Studio album by Matt Terry
- Released: 24 November 2017
- Genre: Pop
- Length: 42:54
- Label: RCA
- Producer: Steve Robson; Rayito; The Family; Freedo; Josh Wilkinson; Sky Adams; Red Triangle; RedOne; T. I. Jakke; Duck Blackwell; Pablo Fierro; Ronny Svendsen; The Beast; Future Cut;

Singles from Trouble
- "Sucker for You" Released: 13 October 2017; "Try" Released: 10 February 2018;

= Trouble (Matt Terry album) =

Trouble is the debut and only studio album by British singer Matt Terry. It was released on 24 November 2017 and it debuted at No. 29 on the charts.
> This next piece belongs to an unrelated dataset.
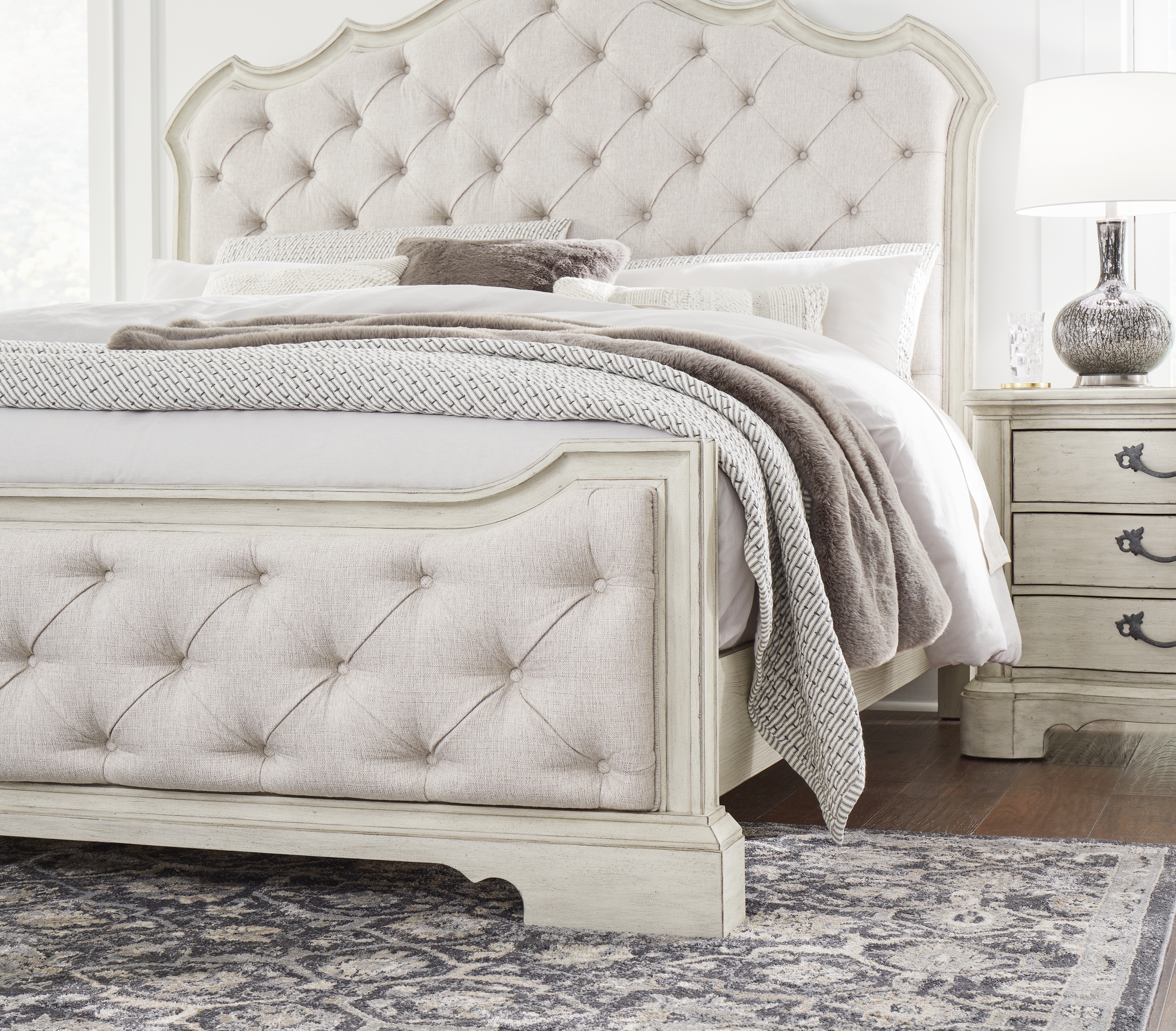 Signature Design by Ashley Arlendyne California King Bed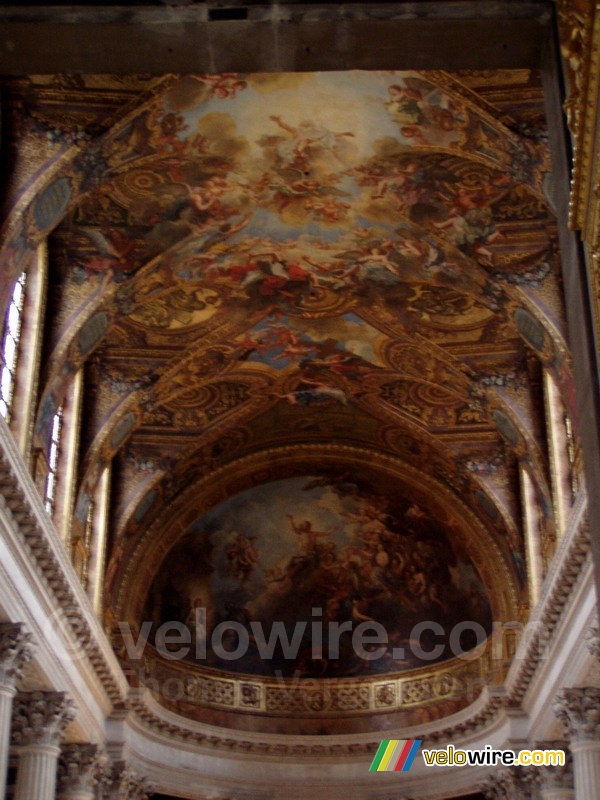 Het plafond van de kapel van het kasteel van Versailles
This is the first time that an X Factor UK winner has released their first album with another label instead of with Cowell's label, Syco.

==Background==
On 11 December 2016, he was crowned as the winner of The X Factor 2016, beating Saara Aalto. He immediately released his winner's single, "When Christmas Comes Around", an original song written by Ed Sheeran, which was not included on Trouble. Following his win, Terry signed with RCA Records.

==Singles==
"Sucker for You" was released as the album's lead single on 13 October 2017. "The Thing About Love" was released as the first promotional single from the album on 17 November 2017. In February 2018 a music video for "Try" was released.

===Other songs===
Terry also features on the remix of Enrique Iglesias' song "Súbeme la Radio" alongside Sean Paul. The song is included on the album.

==Track listing==

Trouble
| No. | Title | Writer(s) | Producer(s) | Length |
|---|---|---|---|---|
| 1. | "Sucker for You" | Matt Terry; Anton Hård af Segerstad; Sara Hjellström; | The Family | 3:23 |
| 2. | "Got You" | Terry; Steve Robson; Ed Drewett; | Robson; Freedo; | 2:43 |
| 3. | "Trouble" | Terry; Josh Wilkinson; Rachel Furner; | Wilkinson; | 3:01 |
| 4. | "The Thing About Love" | Terry; Robson; Iain Farquharson; Andrew Bullimore; | Robson; | 3:16 |
| 5. | "Try" | Terry; Sky Adams; Danny Shah; Tom Aspaul; | Adams; | 3:14 |
| 6. | "Re-Writing History" | Terry; Samuel Preston; George Tizzard; Rick Parkhouse; | Red Triangle; | 3:18 |
| 7. | "Original" (with RedOne) | Nadir Khayat; Sean Douglas; T. I. Jakke; Daniel Bedingfield; | RedOne; Jakke; | 3:18 |
| 8. | "Don't Ask" | Terry; Duck Blackwell; Andrew Jackson; Jacob Manson; | Blackwell; | 3:45 |
| 9. | "Mama" (featuring Ana Mena) | Terry; Antonio Rayo; Rafa Vergara; Pablo Fierro; Alberto Martinez-Liop; | Rayito; Fierro; | 3:22 |
| 10. | "Weigh Me Down" | Terry; Anne Judith Wik; Nermin Harambasic; Ronny Svendsen; Justin Stein; | Ronny Svendsen; | 3:42 |
| 11. | "Not You" | Terry; Björn Djupström; Tobias Frelin; | The Beast; | 3:11 |
| 12. | "Romeo y Juliet" | Terry; Rayo; Vergara; Leroy Sanchez; Martinez-Liop; | Rayito; | 4:33 |
| 13. | "Heartless" | Terry; Darren Lewis; Iyiola Babalola; Preston; | Future Cut; | 3:04 |
| 14. | "Súbeme la Radio" (Remix) (Enrique Iglesias featuring Sean Paul and Matt Terry) | Enrique Iglesias; Felix Ortiz; Gabriel Pizarro; Descemer Bueno; | Luis Ortiz; Gaby Music; Chris Jeday; Carlos Paucar; | 3:27 |

==Charts==

| Chart (2017) | Peak position |
|---|---|
| Scottish Albums (OCC) | 39 |
| UK Albums (OCC) | 29 |

==Certifications==

| Region | Certification | Certified units/sales |
| Poland (ZPAV) | Gold | 10,000^{‡} |
^{‡} Sales+streaming figures based on certification alone.